Cómo elegir la temperatura adecuada para su baño
Cuando se elige un calentador de techo, la tentación es comprar simplemente el modelo más potente disponible. Pero eso suele ser un error. Si se elige un modelo demasiado potente, se gasta dinero en la factura de electricidad y, además, se pueden dañar los elementos decorativos del techo. ¿Y si se elige uno demasiado débil? Se pasará frío en cuanto salga de la ducha.
Lo importante es encontrar ese equilibrio perfecto.
Hablemos de las dimensiones de la habitación
El tamaño de la habitación es el punto de partida. Si tiene un baño muy pequeño (menos de 4 m²), una lámpara de 400 a 600 vatios es suficiente.
En los baños de tamaño medio (entre 5 y 8 m²), puede optar por usar una lámpara de 1000 vatios, o, lo que yo recomiendo, dos lámparas de 500 vatios cada una. Esto evita esos puntos fríos molestos, donde uno está caliente en un lugar pero helado en otro.
Si tiene un baño muy grande (10 m² o más), necesitará varias lámparas para mantener el ambiente cálido.
Algo que la gente siempre olvida: ¡mire hacia arriba! Si sus techos son altos, digamos 3 metros en lugar de 2.2 metros, necesitará más vatios. El calor disminuye a medida que se dispersa, así que necesita algo más de potencia para sentirlo realmente en su piel.
La “magia” del calor de onda corta
La mayoría de estos calentadores utilizan infrarrojos de onda corta. En lugar de intentar calentar todo el aire de la habitación (lo cual lleva tiempo), dirigen el calor directamente hacia usted. Es rápido; casi como si sintiera calor al instante. Utilizamos vidrio de cuarzo para mantener los filamentos estables y fiables.

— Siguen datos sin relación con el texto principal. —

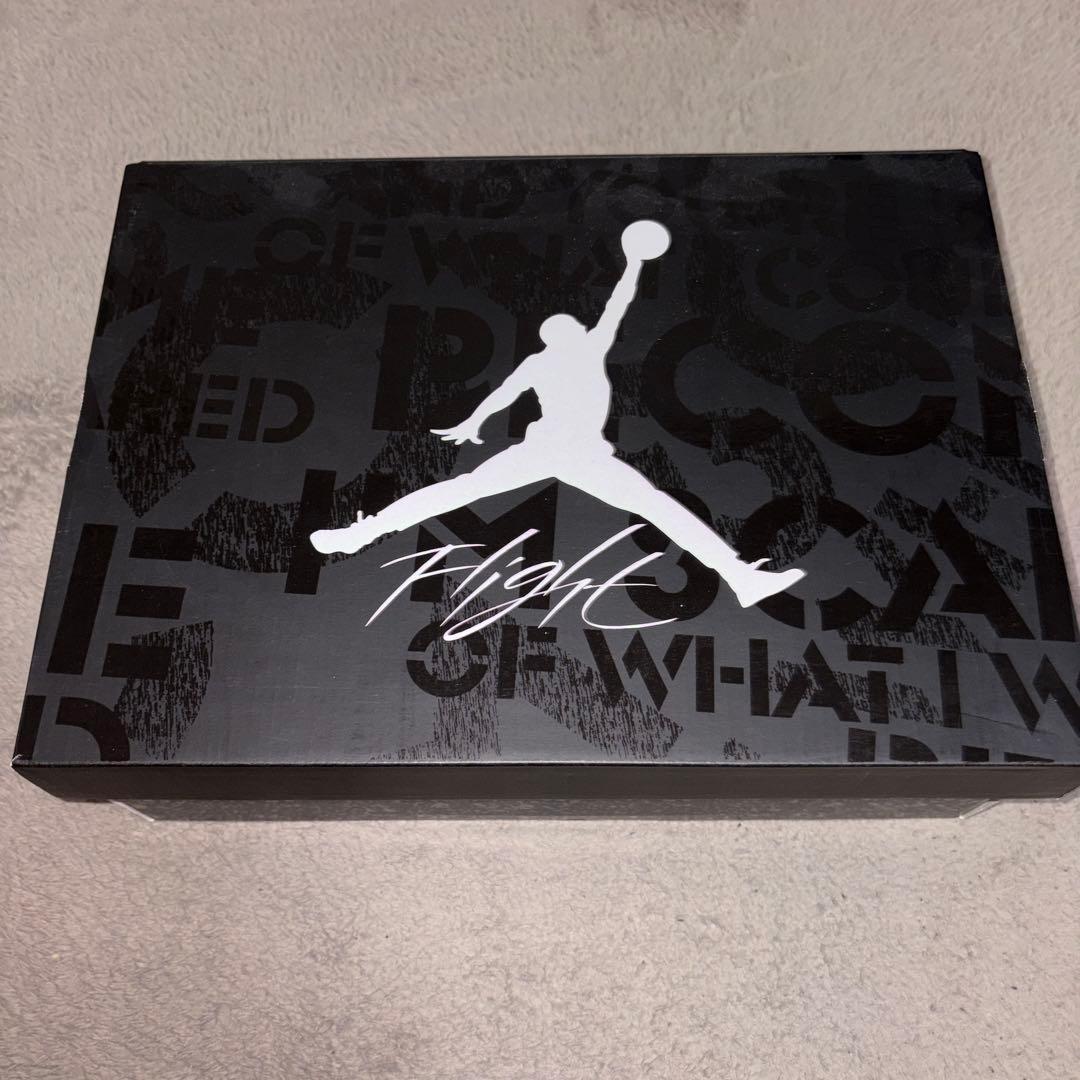 ナイキ　エアジョーダン４　ブラック　２７.５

Un consejo sobre la electricidad: si instala varias lámparas, preste atención a la tensión eléctrica. Las configuraciones de alta potencia pueden hacer que los disyuntores se apaguen si los cables no son lo suficientemente resistentes para soportar la carga.
Comodidad versus intensidad
Aquí está el equilibrio. Una sola lámpara de alta potencia crea una zona de calor muy intensa. Es ideal para secarse rápidamente, pero puede resultar incómodo, como si estuviera demasiado cerca de una fogata.
Por lo general, recomiendo distribuir la carga entre dos lámparas más pequeñas. De esta manera, se obtiene un calor más equilibrado y suave.
El único inconveniente es que más lámparas significan más cables y más piezas que podrían desgastarse con el tiempo. Pero, para no sentirse como si estuviera bajo una lámpara de calor, generalmente vale la pena.